Peraturan dasar/orisinal atas diperbolehkannya tawarruq menjadi dasar dukungan atas keabsahannya.
Itu artinya, pada
esensinya semua transaksi diperbolehkan, kecuali ada bukti yang kuat yang berhubungan dengan salah satu transaksi yang spesifik. Al-Kasani mengatakan bahwa pertukaran
kepemilikan pada barang, membuat tidak adanya
kemungkinan untuk mendapat keuntungan dengan cara riba dalam struktur
transaksinya. Sementara itu kredit tanpa bunga (qard) tidak mungkin didapatkan
sewaktu-waktu, jadi dengan metode ini untuk mendapatkan likuditas, bisa
dianggap sebagai transaksi yang biasa yang menggunakan barang/aset/komoditi
sebagai medianya. Menurut para Ulama yang pro ini, mempraktikan transaksi ini
adalah salah, hanya apa bila jual beli tersebut melibatkan orang yang seperti
dalam transaksi inah, di mana niat untuk mendapatkan riba adalah sangat
terlihat dengan jelas. Argumentasi dari Ulama yang Kontra terhadap Tawarruq
Para Ulama yang menentang tawarruq
konsentrasi utamanya pada aspek dari niat. Mereka mengatakan niat dari
transaksi ini adalah untuk mendapatkan uang, yang dapat berakibat sama dengan
menjual uang untuk mendapat uang lebih, sementara barang/komoditinya hanyalah
digunakan sebagai media, yang kepemilikannya tidak diniatkan. Untuk itu secara
prinsip yang tegas dengan jelas
adanya kemungkinan untuk melakukan sebuah rekayasa untuk mendapakan uang
tunai. Jadi, penolakan atas tawarruq ini berdasarkan adanya hilah atau rekayasa
untuk menghindar dari hal-hal yang dilarang, yang diimplementasikan untuk mendapatkan
sesuatu yang sama dengan riba.
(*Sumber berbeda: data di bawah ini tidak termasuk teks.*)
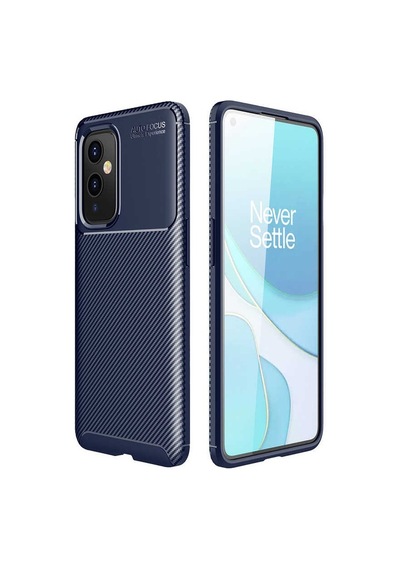 One Plus 9 Kılıf Kamera Çıkıntılı Karbon Fiber Dokulu Renk Atmaz Kapak Negro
Menurut Ibn Abas :ini adalah transaksi uang
terhadap uang dengan kain sutra di tengah-tengahnya;. Para Ulama berpendapat
bahwa hasil akhir dari sebuah transaksi sangatlah penting untuk menentukan
keabsahannya pada struktur tertentu. Kalau alasan utama praktik dari pada
tawarruq adalah untuk mendapatkan uang sekarang, agar bisa mandapatkan
keuntungan yang lebih besar di kemudian hari, maka sudah sepatutnya transaksi
tawarruq ini dilarang, karena tidak lebih dan tidak kurang identik dengan
praktik untuk mendapatkan Riba. Prinsip untuk menutup jalan/peluang
(sadd-al-zarai), adalah argumentasi yang mendukung ketidakabsahan dari
tawarruq, di mana praktik ini dikhawatirkan adalah sebuah trik atau tipu daya
untuk menghindar dari praktik riba. Para Ulama yang menentang tawarruq
mengkutip beberapa hadist yang telah melarang transaksi inah yang menurut
mereka, termasuk pada kategori yang sama, karena kedua praktik ini mempunyai
tujuan yang sama yaitu untuk mendapatkan likuiditas terhadap kewajiban yang
jumlahnya lebih dan akan dibayarkan di masa yang akan datang. Para Ulama dari
Mazhab Hanbali, Ibn Taymiyyah, adalah salah satu yang menentang tawarruq, dan
beliau mengatakan bahwa tawarruq tidak jauh berbeda dengan inah yang hanya bertujuan
untuk mendapatkan dana segar/likuditas. Pemilik modal (penyandang dana) menjual
asetnya kepada seseorang, bukan memberinya uang, untuk mendapatkan keuntungan
lebih nanti nya, ketika (pihak kedua) orang tersebut menjual aset itu kembali
kepada penjualnya (pihak pertama), itu adalah inah, kalau dijual kepada orang
lain (pihak ke tiga) itu adalah tawarruq. Aset yang dipindahkan ke pihak ketiga,
sebagai perantara, pihak ketiga yang menjualnya kembali pada pihak pertama,
pihak ketiga menjadi muhallil,
yaitu seseorang yang melegalitaskan riba untuk pihak pertama. Ibn Qayim,
muridnya Ibn Taymiyyah menolak untuk mengizinkan praktik
dari tawarruq, karena ada indikasi untuk mendapatkan riba ada dalam transaksi
tawarruq. Ibn Taymiyyah menyatakan bahwa sangat tidak
mungkin untuk Syariah melegalkan kerusakan yang besar sementara melarang kerusakan yang lebih kecil, yaitu riba. Beliau mengutip statement
yang diberikan oleh Umar ibn Abdul Aziz : tawarruq adalah saudaranya riba. Untuk transaksi menggunakan hilah, para
ulama berpendapat sah-sah saja, sepanjang tidak merusak fundamental, dasar dari pada prinsip-prinsip
syariah, atau merusak manfaatnya. Menurut salah satu hadist nabi, yang berhubungan dengan hilah, masalah yang terpenting
adalah niat, setiap perbuatan terjadi pada dasarnya karena adanya niat, dan setiap orang akan mendapat pahala
berdasarkan niat dalam melakukan segala sesuatu. Ketika niat
seseorang baik, perbuatannya dapat diterima, apabila niatnya salah,
perbuatannya dapat dikatakan salah. Namun menurut prinsip dari Mazhab Syafi’i,
ketika kata-kata dalam akad sudah explicit, dan tidak diperlukan lagi suatu
penjelasan, maka niat dari pihak-pihak yang berakad adalah sudah jelas.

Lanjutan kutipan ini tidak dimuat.